Write down the Pythagorean theorem. The theorem states that the hypotenuse (longest side of a right triangle opposite from the 90-degree angle) squared is equal to the addition of the square of each of the other two sides or a^2 + b^2 = c^2 where c is the hypotenuse and a and b are the other two sides.
Substitute the known length values for the corresponding coefficients. For example, given a hypotenuse length of 5 and another side with a length of 4, we would write 4^2 + b^2 = 5^2.
Solve for the unknown coefficient. In our example, we would solve for the unknown coefficient b using simple algebra, resulting in the length of the unknown side as b=3. A link for help in using the Pythagorean theorem is available in the Resources section.
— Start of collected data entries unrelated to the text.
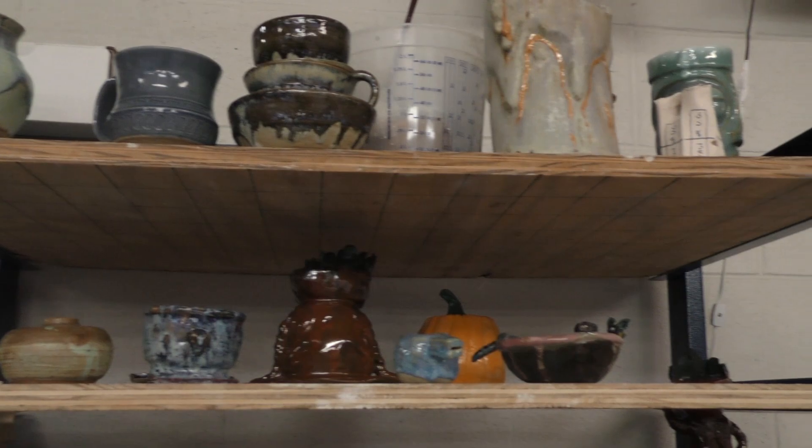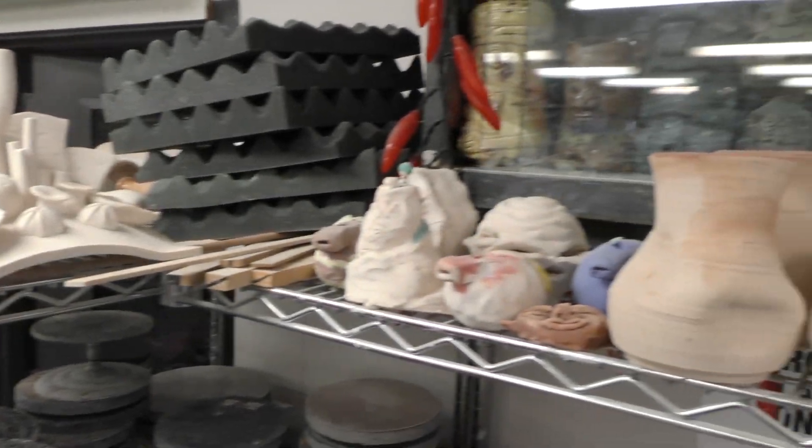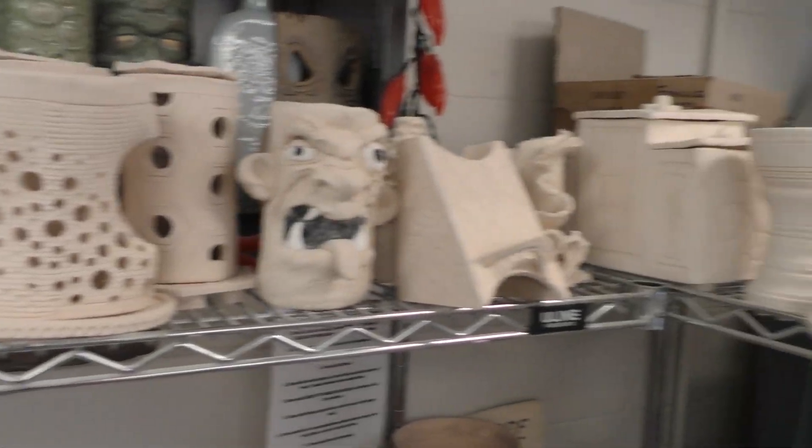This is Emily Stettner. Typically how long does it take for you to finish one piece? Well, it kind of depends on how big the piece is, but it can take anywhere from like one week to three weeks. And tell us a little bit about your project here. So this is a lumiere and you can put a candle inside and it gives off light throughout these holes — it's supposed to look like Spongebob's house.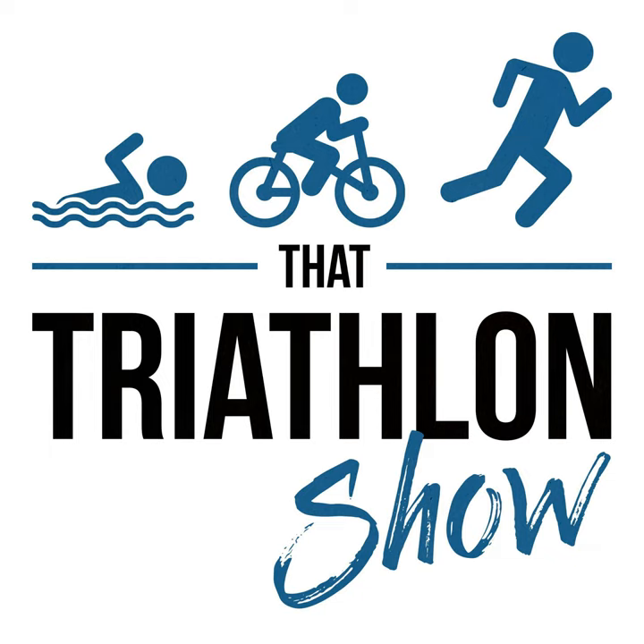A big thanks to our sponsors Roca. Roca produce exceptional quality triathlon wetsuits, tri suits, swimskins, goggles, performance sunglasses, and prescription eyeglasses. If you want to go faster in the water, look to Roca's range of wetsuits — from entry level to top of the line — all coming with Arms Up technology and exceptional quality and comfort. Their tri suits also feature Arms Up technology to maximize shoulder mobility, and are optimized for aerodynamics and comfort on the bike and run. Visit roca.com/tts for 20% off.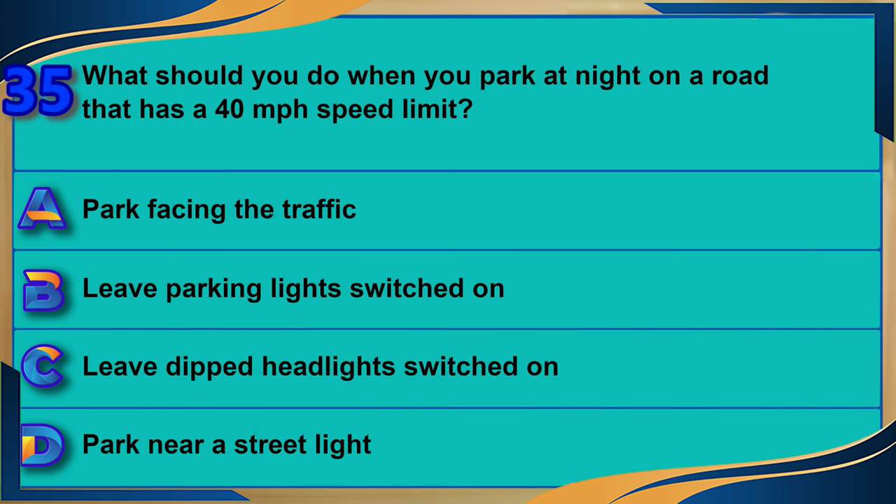What should you do when you park at night on a road that has a 40 miles per hour speed limit? A) Park facing the traffic. B) Leave parking lights switched on. C) Leave dipped headlights switched on. D) Park near a street light. The correct answer is B: leave parking lights switched on.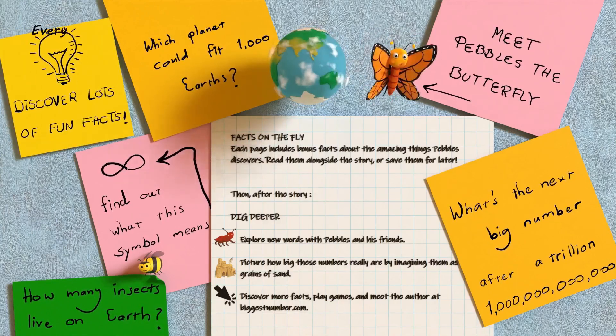Pebbles set off to find out. Number note: One thousand has three zeros. It looks like this — a one and three zeros.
Determine which trigonometric function should be used and write down its corresponding formula. The basic trigonometric functions are sine, cosine and tangent. A link is provided in the Resources section for information regarding these three functions and example problems. For example, for an unknown side (x) opposite of the known angle, a, of 27 degrees, with a given hypotenuse length of 5, we would use the sine function as sin(a) = (opposite side/hypotenuse).
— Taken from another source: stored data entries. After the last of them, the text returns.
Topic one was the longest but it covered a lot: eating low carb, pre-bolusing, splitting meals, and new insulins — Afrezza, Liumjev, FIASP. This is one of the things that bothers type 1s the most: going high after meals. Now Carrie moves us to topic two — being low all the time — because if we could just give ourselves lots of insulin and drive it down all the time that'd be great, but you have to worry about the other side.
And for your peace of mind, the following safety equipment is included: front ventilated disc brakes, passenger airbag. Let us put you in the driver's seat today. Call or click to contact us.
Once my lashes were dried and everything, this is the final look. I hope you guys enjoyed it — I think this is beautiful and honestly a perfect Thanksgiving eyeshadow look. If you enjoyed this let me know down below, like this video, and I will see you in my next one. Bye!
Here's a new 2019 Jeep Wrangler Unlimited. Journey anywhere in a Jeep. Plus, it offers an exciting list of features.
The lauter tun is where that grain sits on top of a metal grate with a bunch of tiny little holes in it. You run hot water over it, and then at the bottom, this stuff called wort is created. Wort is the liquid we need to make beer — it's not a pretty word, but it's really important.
Substitute known values into the equation. In our example, this would give us sin(27) = x/5
Solve the equation for the unknown using a graphing calculator and algebra. We would do this by obtaining a value for sin(27) from our calculator and subsequently multiplying that by 5, giving us x = sin(27)*5 or x = 2.3.
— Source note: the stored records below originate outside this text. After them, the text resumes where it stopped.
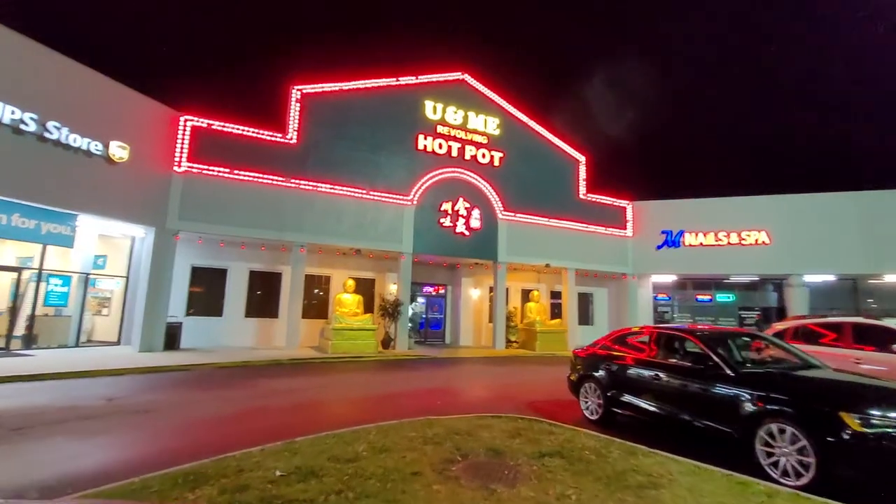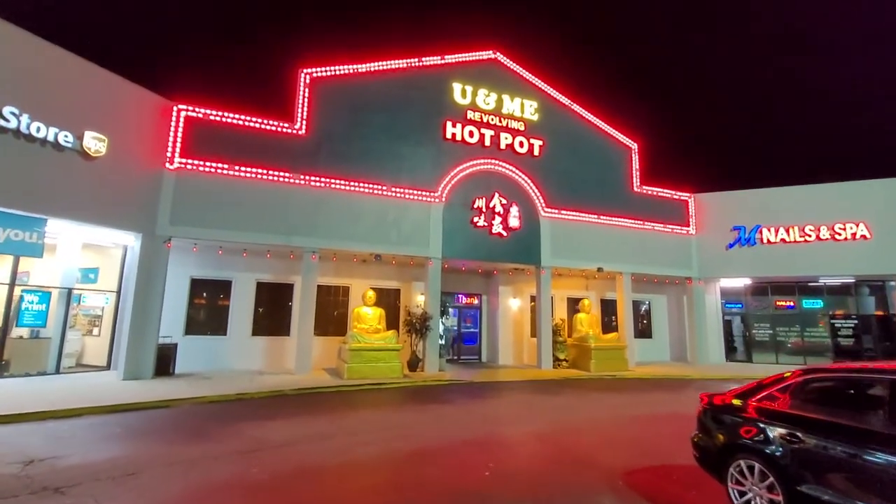Years ago I saw a video on Facebook of a revolving hot pot and ever since I have been absolutely obsessed. This was a newer hot pot restaurant that just opened in 2020 in Orlando, and I knew that for my birthday weekend we definitely had to come here. I'm going to explain what a hot pot is throughout this video and talk about what to expect when you go, how it works, and our overall thoughts.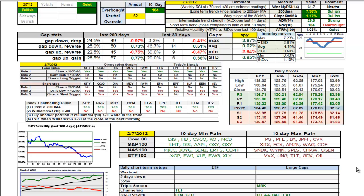Good evening, this is Ken Long from Tortoise Capital with a review of the daily trading plan for February 7, 2012. Starting on page 1, we have a bullish quiet market, very favorable for the upside.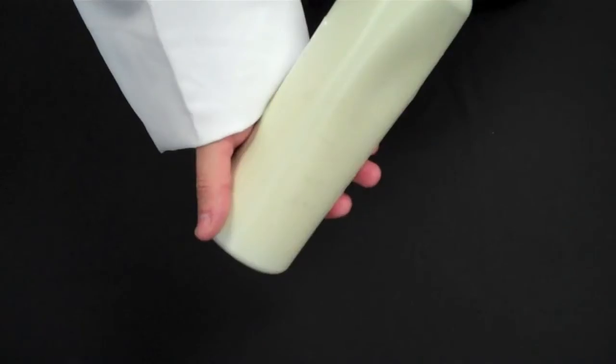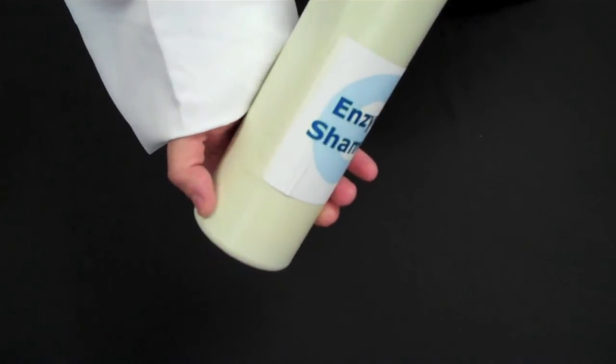You might be wondering why you would want to fluorinate a bottle. Certain products react with the plastics in a bottle, which causes paneling — such as a sucking in that you might see on your store shelves.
Determine which trigonometric function should be used based on which side lengths are given and write down its corresponding formula. Let's use the same two values as in the previous problem to see if we get an angle of 27 degrees. So, with a given hypotenuse of 5 and a side opposite of the unknown angle of 2.3, we would need to again use the sine function.
Substitute known values into the equation. In our example, this would give us sin(a) = 2.3/5.
Solve for the unknown angle. To get (a) on one side, we need to take the inverse sin or arcsin function of both sides. Therefore, plugging this into our calculator we get (a) = arcsin( 2.3/5), which equals 27.3 degrees.